As we near the end of the general election (can I have an “Amen!”) it is safe to say that, post-Election Day, no American will yearn for one more political ad, alleged debate, press conference or most of all, one more poll.
For the last two years, it seems that every action, inaction and reaction has been polled.
Opinions, as someone once noted, are like elbows; everyone has a couple and some are sharper than others. We have more than enough polling organizations to accommodate both varieties. We have no shortage of uninformed individuals answering intentionally (and unintentionally) poorly written poll questions, and pollsters who seem to be getting it wrong more often than not.

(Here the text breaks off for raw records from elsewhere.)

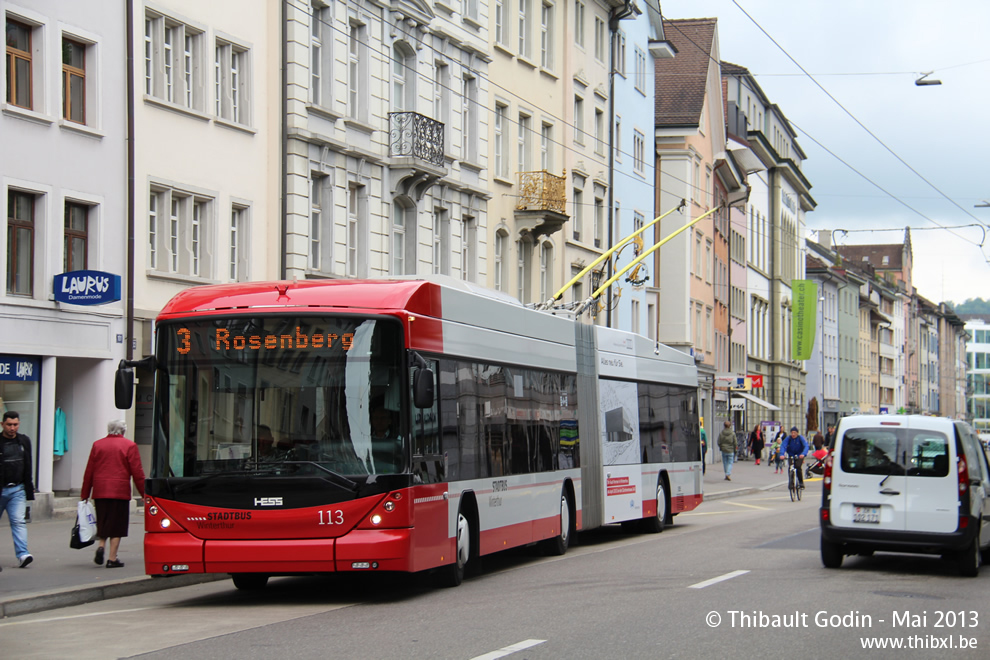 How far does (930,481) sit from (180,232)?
608 inches

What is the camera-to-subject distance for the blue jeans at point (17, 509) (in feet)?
52.3

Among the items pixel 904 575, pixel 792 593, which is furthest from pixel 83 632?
pixel 904 575

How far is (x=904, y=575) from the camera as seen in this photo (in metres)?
15.9

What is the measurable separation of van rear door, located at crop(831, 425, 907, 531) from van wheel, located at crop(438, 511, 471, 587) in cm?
427

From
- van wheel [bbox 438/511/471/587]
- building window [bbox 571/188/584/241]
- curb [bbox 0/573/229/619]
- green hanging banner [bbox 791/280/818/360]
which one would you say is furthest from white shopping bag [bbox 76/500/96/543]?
green hanging banner [bbox 791/280/818/360]

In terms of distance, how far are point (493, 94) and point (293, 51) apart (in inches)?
442

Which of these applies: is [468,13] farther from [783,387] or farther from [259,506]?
[783,387]

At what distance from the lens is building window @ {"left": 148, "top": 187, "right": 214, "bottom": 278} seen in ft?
85.4

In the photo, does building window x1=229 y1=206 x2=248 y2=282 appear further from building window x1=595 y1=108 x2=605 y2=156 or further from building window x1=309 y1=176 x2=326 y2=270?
building window x1=595 y1=108 x2=605 y2=156

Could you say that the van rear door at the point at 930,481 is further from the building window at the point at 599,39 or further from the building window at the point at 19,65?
the building window at the point at 599,39

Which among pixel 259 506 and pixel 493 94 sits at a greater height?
pixel 493 94

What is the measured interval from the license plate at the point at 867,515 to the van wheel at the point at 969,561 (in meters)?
0.97

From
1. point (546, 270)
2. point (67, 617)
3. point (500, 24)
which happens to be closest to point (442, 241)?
point (500, 24)

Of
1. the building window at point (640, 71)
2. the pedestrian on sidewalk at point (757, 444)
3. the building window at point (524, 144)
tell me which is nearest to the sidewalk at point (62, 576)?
the building window at point (524, 144) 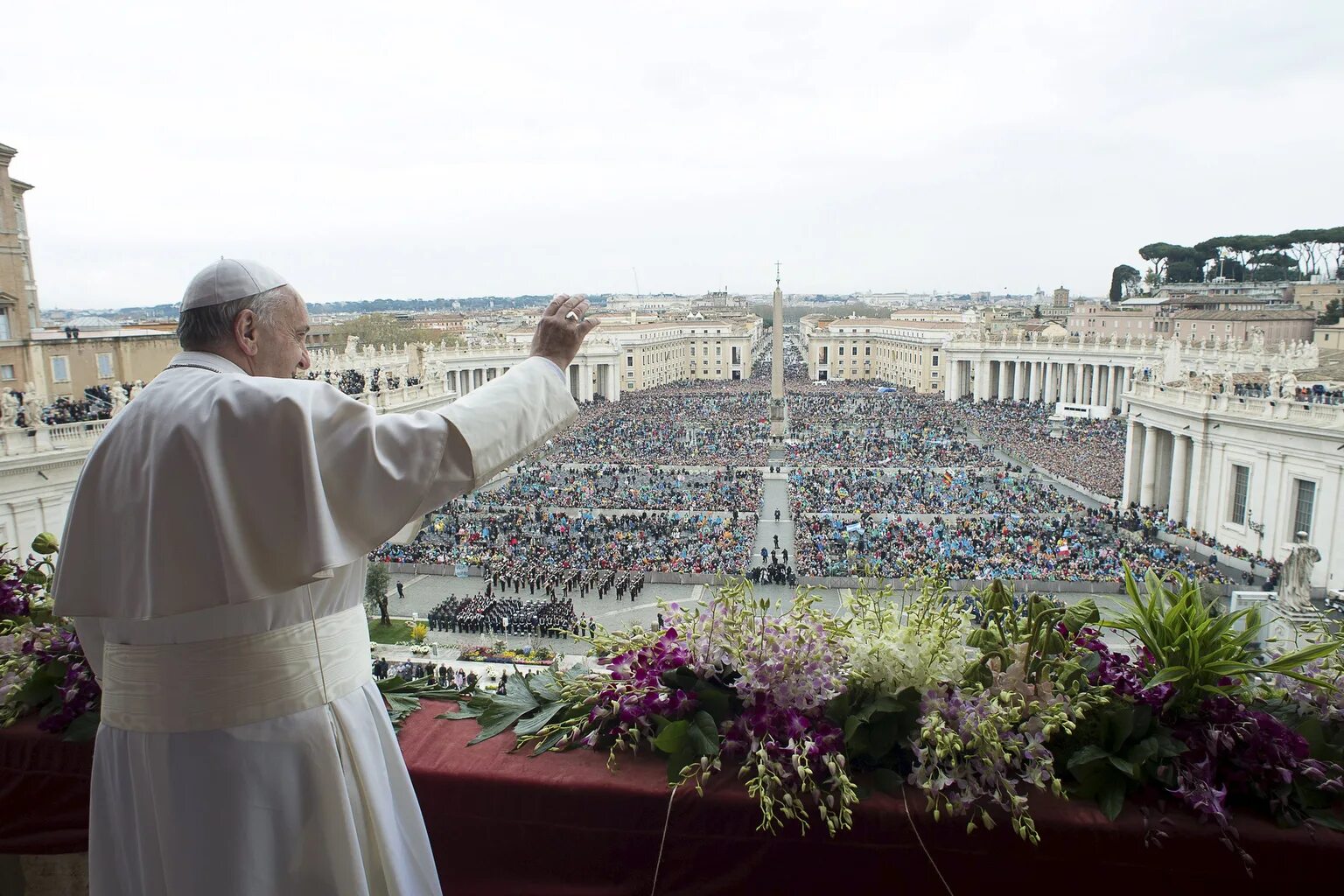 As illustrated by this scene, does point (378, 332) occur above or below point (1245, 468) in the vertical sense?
above

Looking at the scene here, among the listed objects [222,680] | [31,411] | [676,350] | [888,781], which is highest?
[222,680]

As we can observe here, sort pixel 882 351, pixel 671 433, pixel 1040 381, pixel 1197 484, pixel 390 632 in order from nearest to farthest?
pixel 390 632
pixel 1197 484
pixel 671 433
pixel 1040 381
pixel 882 351

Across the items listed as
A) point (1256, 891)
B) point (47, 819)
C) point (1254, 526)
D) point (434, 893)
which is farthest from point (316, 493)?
point (1254, 526)

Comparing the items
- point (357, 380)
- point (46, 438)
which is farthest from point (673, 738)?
point (357, 380)

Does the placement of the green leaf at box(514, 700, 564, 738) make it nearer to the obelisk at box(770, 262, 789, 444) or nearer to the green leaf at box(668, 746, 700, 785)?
the green leaf at box(668, 746, 700, 785)

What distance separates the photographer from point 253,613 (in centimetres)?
164

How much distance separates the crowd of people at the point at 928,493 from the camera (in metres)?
22.8

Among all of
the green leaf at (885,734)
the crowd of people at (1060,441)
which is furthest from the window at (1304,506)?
the green leaf at (885,734)

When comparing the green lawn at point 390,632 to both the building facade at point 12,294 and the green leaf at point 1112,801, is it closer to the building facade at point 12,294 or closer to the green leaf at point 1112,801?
the building facade at point 12,294

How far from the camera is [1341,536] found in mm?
17609

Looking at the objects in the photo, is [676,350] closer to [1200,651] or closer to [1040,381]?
[1040,381]

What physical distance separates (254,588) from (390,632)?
13.7 metres

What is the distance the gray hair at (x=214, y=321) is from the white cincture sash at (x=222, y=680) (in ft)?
1.94

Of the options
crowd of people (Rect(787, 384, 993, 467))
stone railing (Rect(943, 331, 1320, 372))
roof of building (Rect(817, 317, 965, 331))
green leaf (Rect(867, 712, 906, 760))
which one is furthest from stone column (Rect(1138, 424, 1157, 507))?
roof of building (Rect(817, 317, 965, 331)) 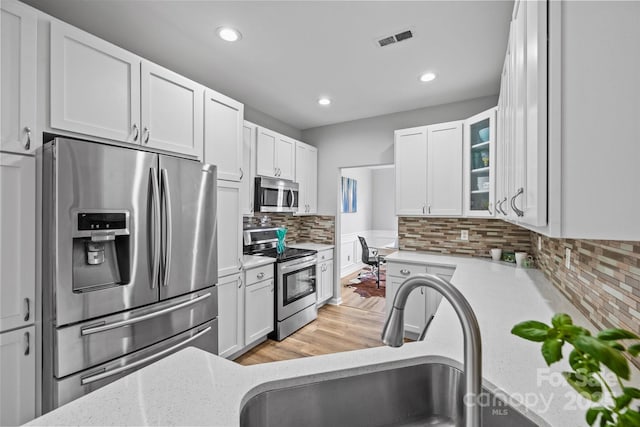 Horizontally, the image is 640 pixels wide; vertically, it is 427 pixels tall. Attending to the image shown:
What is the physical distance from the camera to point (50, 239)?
1.38 meters

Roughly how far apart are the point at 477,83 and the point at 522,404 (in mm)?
2940

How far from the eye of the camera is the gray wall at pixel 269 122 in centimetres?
352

Consider the late-night TV show host who recently did a “man on the street” type interview with historical questions. Almost everyone had answers and nearly all of them were wrong! My favorite was when they asked what James Madison’s wife’s name was. Most of the interviewees said — with great certainty — that her name was Ashley. Google “Ashley Madison.” She was most certainly not James’ wife.
The pollsters’ predictions are no better than the replies. Polling close to the 2012 election indicated that Mitt Romney would win a narrow victory over Barack Obama. In 2014, polls were certain that Mitch McConnell would lose his Senate seat. That same year, Scotland decided not to divorce itself from Great Britain — despite polls clearly showing the opposite.
This year, the polls made it clear that there was no way our British cousins were going to leave the European Union. Then, of course, Brexit happened.
In February of this year, NPR, along with the Robert Wood Johnson Foundation and Harvard’s T.H. Chan School of Public Opinion, issued the results of a survey titled “Patients’ Perspectives on Healthcare in the United States.” Reading through it for nuggets of information became an exercise in frustration.